Ultimately, CJ Logistics implemented Körber's Warehouse Advantage, a cloud-based system designed for multiclient operations that supports all of the 3PL's needs, including its security requirements.
GOING LIVE
When it came time to implement the software, Moore and his team chose to start with a brand-new cold chain facility that the 3PL was building in Gainesville, Georgia. The 270,000-square-foot facility opened this past November and immediately went live running on the Körber WMS.
Moore and Wohlwend explain that both the nature of the cold chain business and the greenfield construction made the facility the perfect place to launch the new software: CJ Logistics would be adding customers at a staggered rate, expanding its cold storage presence in the Southeast and capitalizing on the location's proximity to major highways and railways. The facility is also adjacent to the future Northeast Georgia Inland Port, which will provide a direct link to the Port of Savannah.

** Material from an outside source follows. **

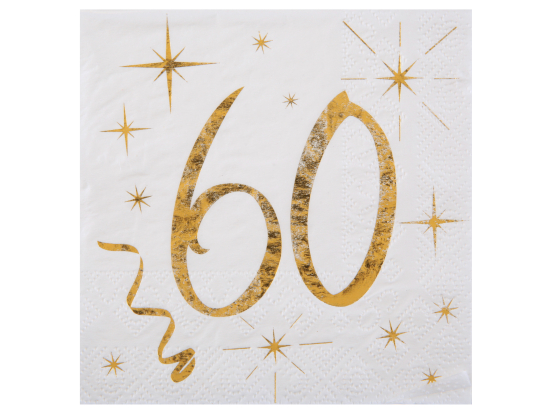 Serviette des âges or 60 ans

"We signed a 15-year lease for the building," Moore says. "When you sign a long-term lease … you want your future-state software in place. That was one of the key [reasons] we started there.
"Also, this facility was going to bring on one customer after another at a metered rate. So [there was] some risk reduction as well."
Wohlwend adds: "The facility plus risk reduction plus the new business [element]—all made it a good starting point."
The early benefits of the WMS include ease of use and easy onboarding of clients, according to Moore, who says the plan is to convert additional CJ Logistics facilities to the new system in 2025.
"The software is very easy to use … our employees are saying they really like the user interface and that you can find information very easily," Moore says, touting the partnership with Alpine and Körber as key to making the project a success. "We are on deck to add at least four facilities at a minimum [this year]."